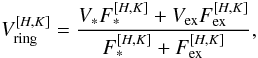 Mathematical equation: \begin{equation} V^{[H,K]}_{\rm ring} = \frac{V_{\ast}F^{[H,K]}_{\ast} + V_{\rm ex}F^{[H,K]}_{\rm ex}}{F^{[H,K]}_{\ast} + F^{[H,K]}_{\rm ex}}, \end{equation}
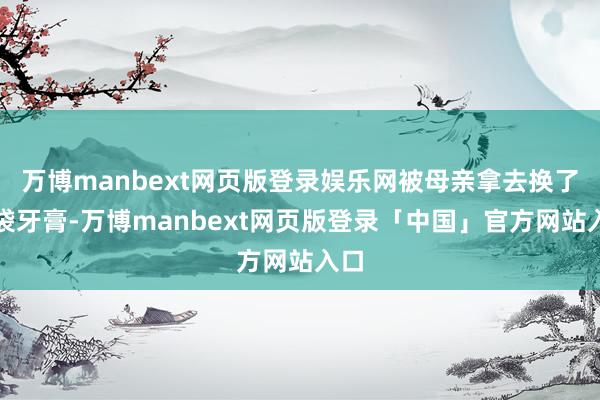万博manbext网页版登录娱乐网被母亲拿去换了一袋牙膏-万博manbext网页版登录「中国」官方网站入口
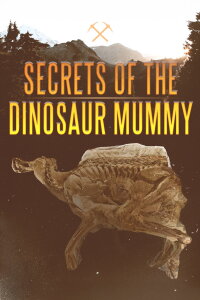 Secrets of the Dinosaur Mummy (2008)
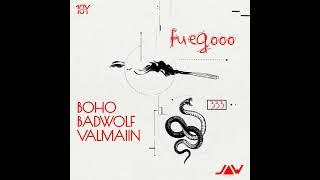 BOHO, BadWolf, Valmaiin - Fuegooo [Jannowitz Records]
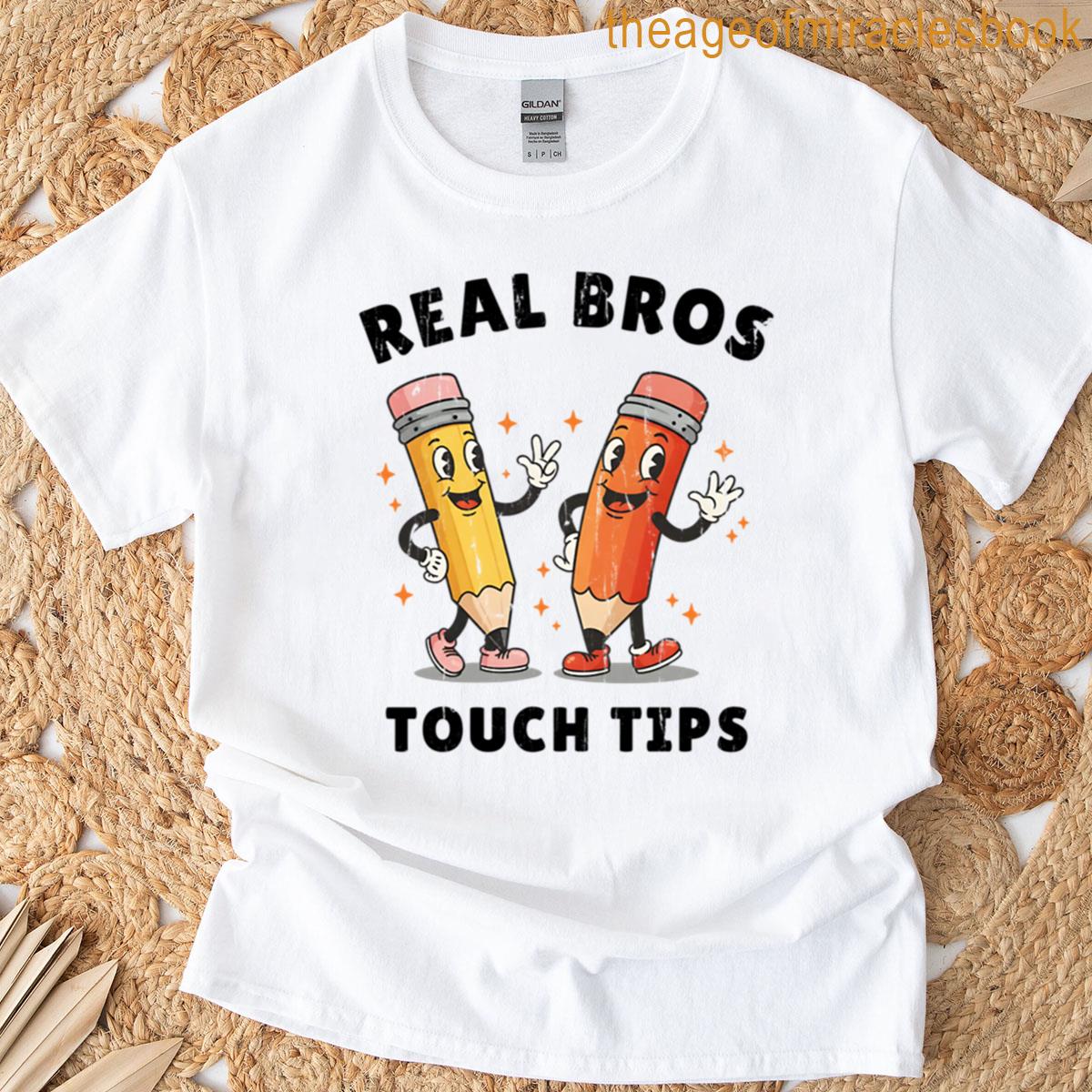 Real Bros Touch Tips T-shirt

***

## [What to work on]
Give the listing again word for word. Skip every image.

## [Written reply]
 Mathematical equation: \begin{equation} V^{[H,K]}_{\rm ring} = \frac{V_{\ast}F^{[H,K]}_{\ast} + V_{\rm ex}F^{[H,K]}_{\rm ex}}{F^{[H,K]}_{\ast} + F^{[H,K]}_{\rm ex}}, \end{equation}
万博manbext网页版登录娱乐网被母亲拿去换了一袋牙膏-万博manbext网页版登录「中国」官方网站入口
 Secrets of the Dinosaur Mummy (2008)
 BOHO, BadWolf, Valmaiin - Fuegooo [Jannowitz Records]
 Real Bros Touch Tips T-shirt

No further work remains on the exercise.